| Work to be completed |
Pictures are to be left out, and only the lines from the one containing "Red shoes box" through the last line of the data are to be returned exactly.

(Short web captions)
----
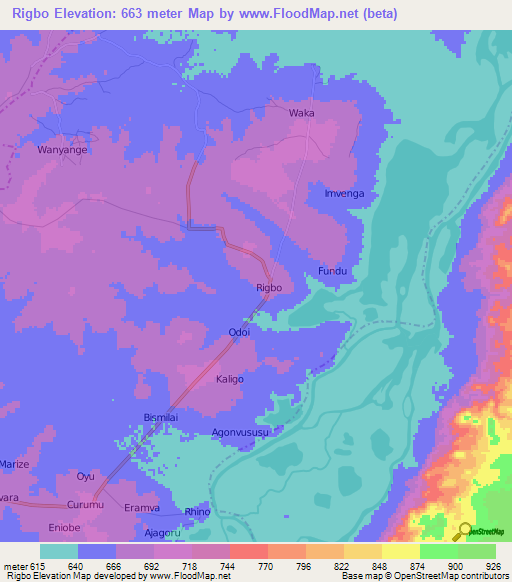 Rigbo,Uganda Elevation Map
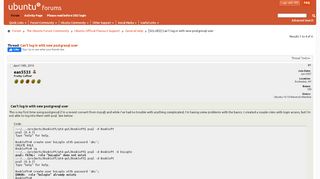 
                            7. [SOLVED] Can't log in with new postgresql user - Ubuntu Forums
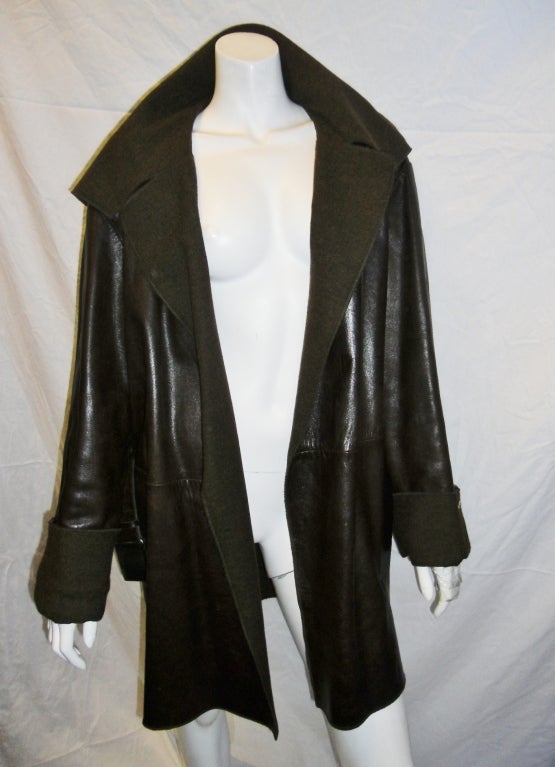 Chanel Leather and Cashmere Belted Coat 5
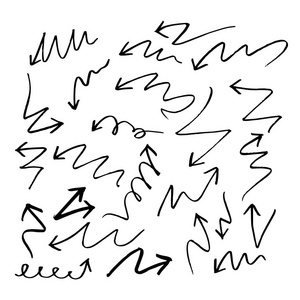 手绘制的箭头集集合的黑色方向铅笔素描符号，矢量图平面设计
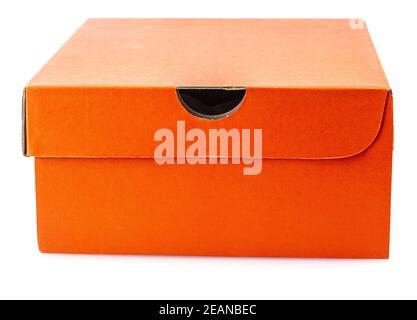 Red shoes box isolated on white background. Stock Photo
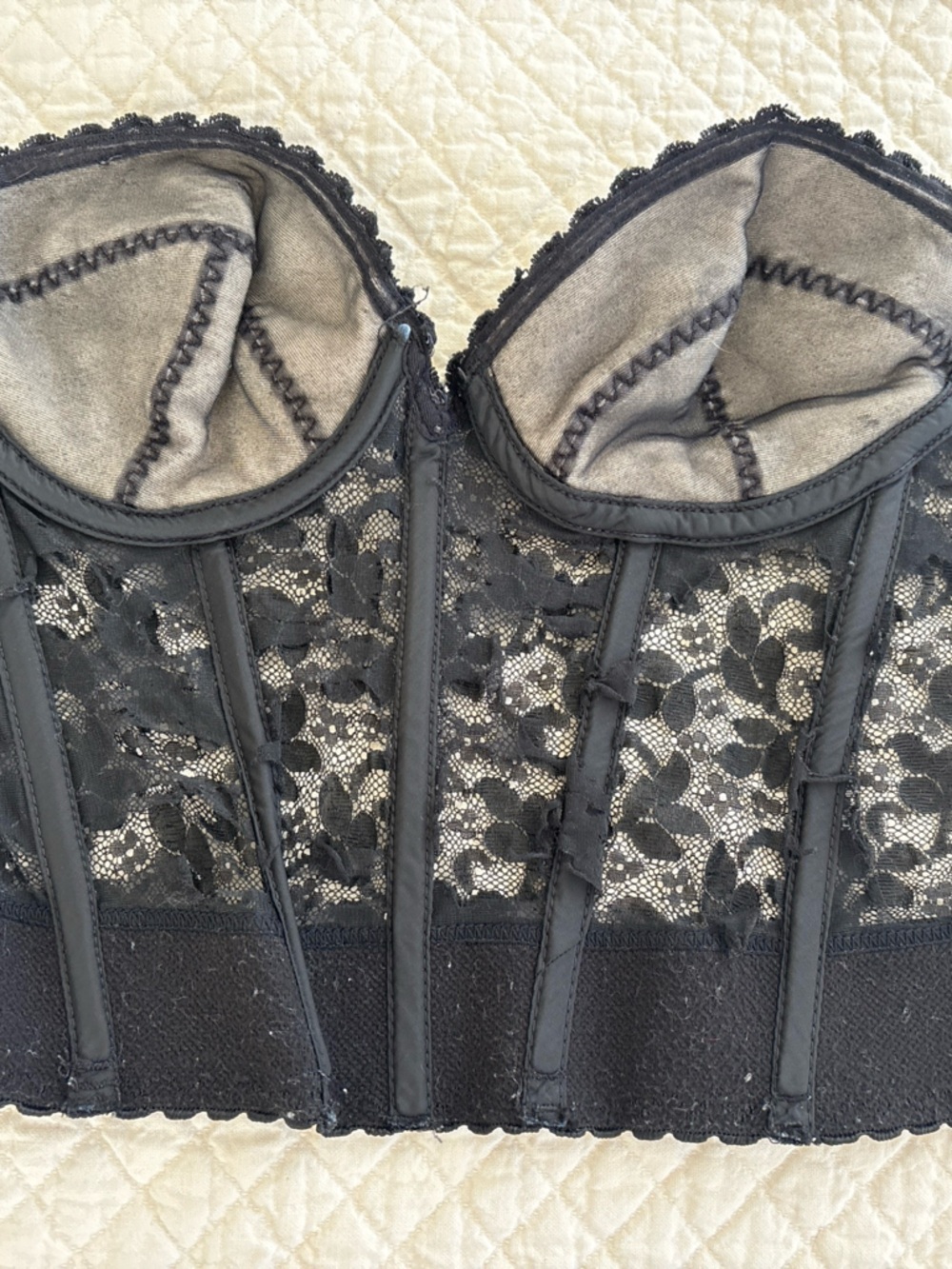 Vintage JC Penney Adonna Black Lace Longline Bustier Bra Underwire Size 36 B - Picture 6 of 8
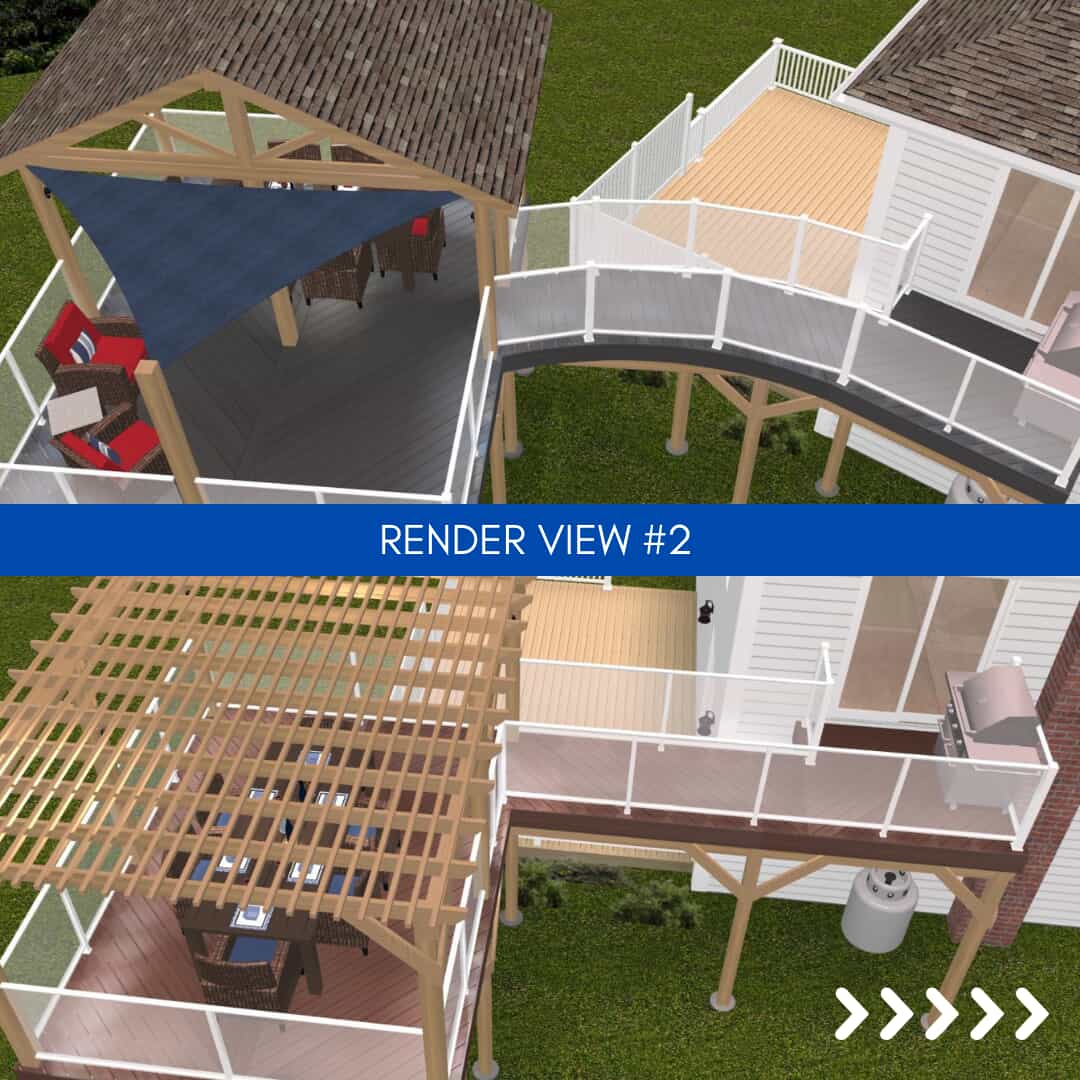 Render view 1 showing different deck design options with renders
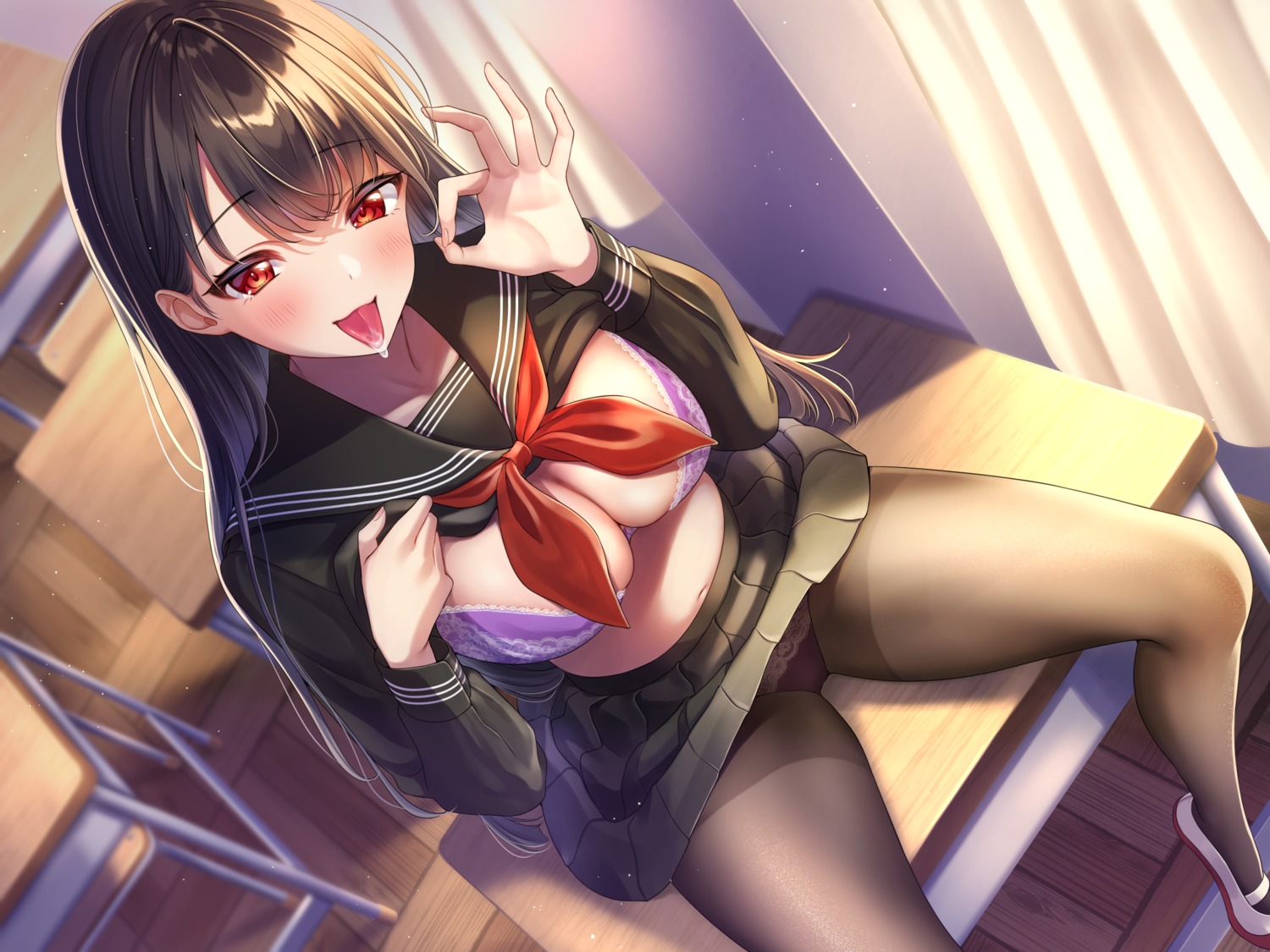 amagi_shino bra pantsu pantyhose seifuku shirt_lift skirt_lift undressing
----
| Finished task |
 Red shoes box isolated on white background. Stock Photo
 Vintage JC Penney Adonna Black Lace Longline Bustier Bra Underwire Size 36 B - Picture 6 of 8
 Render view 1 showing different deck design options with renders
 amagi_shino bra pantsu pantyhose seifuku shirt_lift skirt_lift undressing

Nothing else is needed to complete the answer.